The whole listing needs to be returned exactly as it appears.
BEGIN
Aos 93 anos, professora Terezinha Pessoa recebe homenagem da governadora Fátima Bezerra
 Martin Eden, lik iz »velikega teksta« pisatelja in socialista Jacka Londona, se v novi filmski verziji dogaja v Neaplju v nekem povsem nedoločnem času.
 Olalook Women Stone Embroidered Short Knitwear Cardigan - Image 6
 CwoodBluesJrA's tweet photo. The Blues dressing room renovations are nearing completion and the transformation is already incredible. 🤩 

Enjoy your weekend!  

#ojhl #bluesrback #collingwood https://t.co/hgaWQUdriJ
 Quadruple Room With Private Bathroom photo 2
END
▶ _EXERCISE SOLUTION_:
Aos 93 anos, professora Terezinha Pessoa recebe homenagem da governadora Fátima Bezerra
 Martin Eden, lik iz »velikega teksta« pisatelja in socialista Jacka Londona, se v novi filmski verziji dogaja v Neaplju v nekem povsem nedoločnem času.
 Olalook Women Stone Embroidered Short Knitwear Cardigan - Image 6
 CwoodBluesJrA's tweet photo. The Blues dressing room renovations are nearing completion and the transformation is already incredible. 🤩 

Enjoy your weekend!  

#ojhl #bluesrback #collingwood https://t.co/hgaWQUdriJ
 Quadruple Room With Private Bathroom photo 2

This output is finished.